Thread: General Parser

General Parser

From
Ulrich Meis
Date:
I was still worried about that "two words" table bug, so I tried myself on the
parser todo.

I skimmed through the code and found parsers at the following spots:
(tell me if I missed something)

1. AbstractJdbc2Statement.replaceProcessing
2. AbstractJdbc2Statement.modifyJdbcCall
3. V2Query constructor
4. v3/QueryExecutorImpl.parseQuery
5. AbstractJdbc2ResultSet.parseQuery

Problems I discovered:

Number 3 and 4 do not handle an escaped literal quote, i.e. \'
Number 5 doesn't handle (among other things) any quotes, joins, unions.

Finally, none of the above handle dollar quoting.

Attached you'll find a QueryParser class I've written that has all the
functionality that is implemented in the above methods and handles dollar
quoting. It parses the query in one run, so I believe it's pretty fast.

For testing purposes it has a main method so you can fire queries at it and it
will show you the determined subqueries and their fragments (delimited by
X?X).

I hope it's what you had in mind with the parser todo.

The class still needs extensive testing but I wanted to make sure that I'm
doing the right thing first...so what are your thoughts?

Uli

Attachment

Re: General Parser

From
Oliver Jowett
Date:
Ulrich Meis wrote:

> 3. V2Query constructor
> 4. v3/QueryExecutorImpl.parseQuery

> Number 3 and 4 do not handle an escaped literal quote, i.e. \'

Also they don't handle double quotes ("table with ? in it") properly.
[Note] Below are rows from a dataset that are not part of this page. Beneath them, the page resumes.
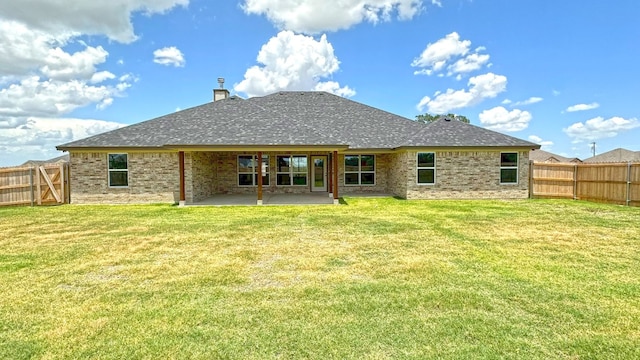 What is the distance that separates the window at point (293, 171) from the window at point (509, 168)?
9946 mm

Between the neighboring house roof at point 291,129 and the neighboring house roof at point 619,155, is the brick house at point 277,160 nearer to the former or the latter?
the neighboring house roof at point 291,129

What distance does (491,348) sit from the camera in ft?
10.0

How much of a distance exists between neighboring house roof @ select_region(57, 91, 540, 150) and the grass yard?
6604 millimetres

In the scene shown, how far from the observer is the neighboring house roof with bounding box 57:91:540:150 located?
48.7 ft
I've just committed fixes for these problems -- could you take a look
and see if they look OK now?

-O

Re: General Parser

From
Oliver Jowett
Date:
Ulrich Meis wrote:

> Attached you'll find a QueryParser class I've written that has all the
> functionality that is implemented in the above methods and handles dollar
> quoting. It parses the query in one run, so I believe it's pretty fast.

> The class still needs extensive testing but I wanted to make sure that I'm
> doing the right thing first...so what are your thoughts?

I think it's a good idea to unify all the parsing that needs to be done,
if only because it reduces code duplication.

That said, this still needs some work as the various different callers
need different parsing done. For example, we only care about splitting
queries into multiple statements when using the V3 protocol, we only
care about ? placeholders when parsing a query supplied via
prepareStatement, the { call } syntax only makes sense for
CallableStatements, and there's no need to disassemble the SELECT etc if
the application never uses an updatable resultset.

I'm not sure how easy it will be to have a single flexible parser and
still have low overhead for the cases where we don't want to completely
disassemble the query.

-O

Re: General Parser

From
Ulrich Meis
Date:
Hi Oliver!

On Monday 01 November 2004 12:12, you wrote:
> That said, this still needs some work as the various different callers
> need different parsing done. For example, we only care about splitting
> queries into multiple statements when using the V3 protocol, we only
> care about ? placeholders when parsing a query supplied via
> prepareStatement, the { call } syntax only makes sense for
> CallableStatements, and there's no need to disassemble the SELECT etc if
> the application never uses an updatable resultset.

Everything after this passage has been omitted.